2.1.3. Peluang dan Teknik Manajemen Laba
Kesempatan bagi manajemen untuk mendistorsi laba timbul karena kelemahan yang inheren
dalam akuntansi itu sendiri. Sebagaimana diungkapkan oleh Setiawati dan Na’im (2000),
fleksibilitas dalam menghitung angka laba disebabkan oleh:
a. Metode akuntansi yang memberikan peluang bagi manajemen untuk mencatat suatu fakta
tertentu dengan cara yang berbeda.
b. Metode akuntansi yang memberikan peluang bagi manajemen untuk melibatkan
subyektivitas dalam menyusun estimasi.
c. Asimetri informasi antara manajer dengan pihak luar. Manajer relatif memiliki banyak
informasi dibandingkan dengan pihak luar (termasuk investor). Mustahil bagi pihak luar
untuk dapat mengawasi semua perilaku dan keputusan manajer secara detil.

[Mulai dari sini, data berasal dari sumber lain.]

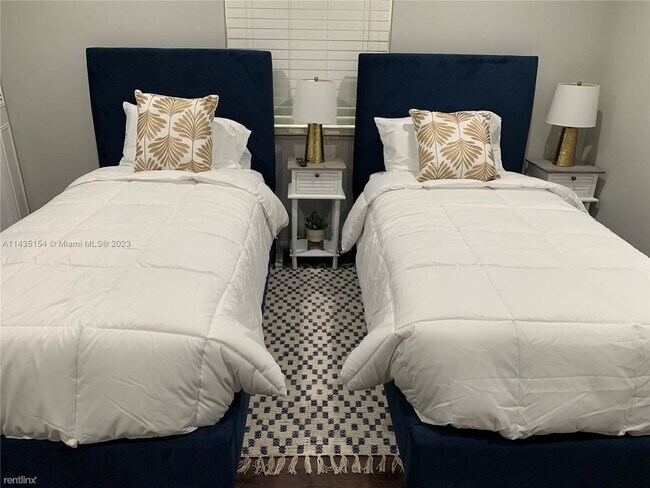 Building Photo - 3 br, 2 bath House - 1410 NE 56th Ct # 1412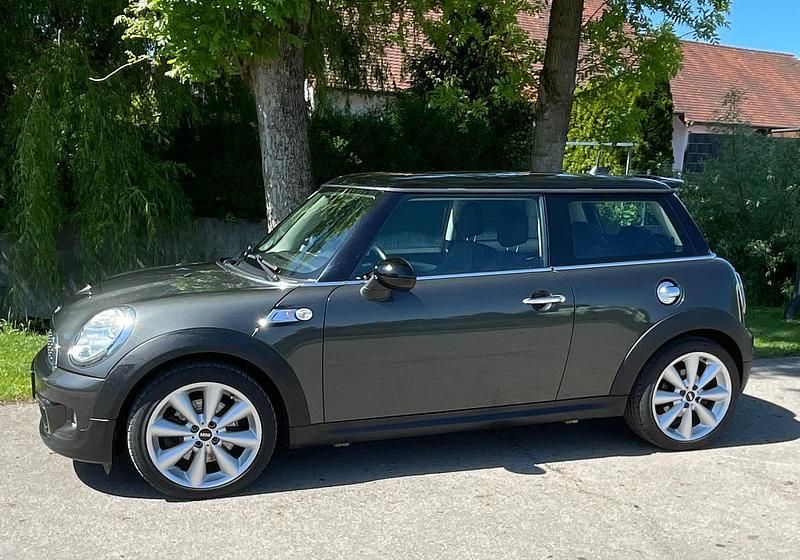 Grau Gebraucht 2011 Mini Cooper S Kleinwagen | 8.800 € (Etwas zu teuer) - Bild 1/4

2.1.4. Kondisi untuk Praktik Manajemen Laba
Rahmawati, Suparno, dan Qomariyah (2007) berpendapat bahwa hanya manajer yang dapat
mengobservasi laba ekonomi perusahaan untuk setiap periode. Sebaliknya, pihak lain mungkin
dapat menarik simpulan sesuatu mengenai laba ekonomi dari laba yang dilaporkan oleh
perusahaan, sebagaimana yang diungkapkan oleh manajer. Dalam menyiapkan laporan, mungkin
manajer dapat memindahkan pendapatan atau biaya antar periode. Perpindahan tersebut dapat
dicapai, sebagai contoh, melalui pengakuan biaya pensiun, penyesuaian penaksiran umur
ekonomis perusahaan, dan penyesuaian penghapusan piutang. Jika manajer tidak dapat
memindah laba antar periode maka laba yang dilaporkan oleh perusahaan akan sama dengan laba
ekonomi perusahaan pada setiap periode. Fleksibilitas untuk menunda laba antar periode hanya
tersedia bagi beberapa perusahaan, dan hanya manajer yang mengetahui apakah mereka
mempunyai fleksibilitas tersebut atau tidak.Rahmawati, Suparno, dan Qomariyah (2007)
menunjukkan bukti hubungan antara ketidakseimbangan informasi dengan manajemen laba.
11
Hasil penelitian menunjukkan adanya hubungan yang positif signifikan antara ukuran
ketidakseimbangan informasi (bid-ask spreads analyst dan forecast dispersion) dan manajemen
laba setelah mengendalikan faktor lain yang dapat mempengaruhi manajemen laba, seperti
variabilitas aliran kas, ukuran, risiko, dan pengungkapan keuangan perusahaan.
2.1.5. Tujuan Manajemen Laba
Tujuan manajemen laba menurut adalah sebagai berikut :
a. Memperbaiki citra perusahaan di mata pihak luar bahwa perusahaan tersebut memiliki
resiko yang rendah.
b. Memberikan informasi yang relevan dalam melakukan prediksi terhadap laba dimasa yang
akan datang.
c. Meningkatkan kepuasan relasi bisnis.
d. Meminimalkan pajak.
e. Meningkatkan persepsi pihak eksternal terhadap kemampuan manajemen.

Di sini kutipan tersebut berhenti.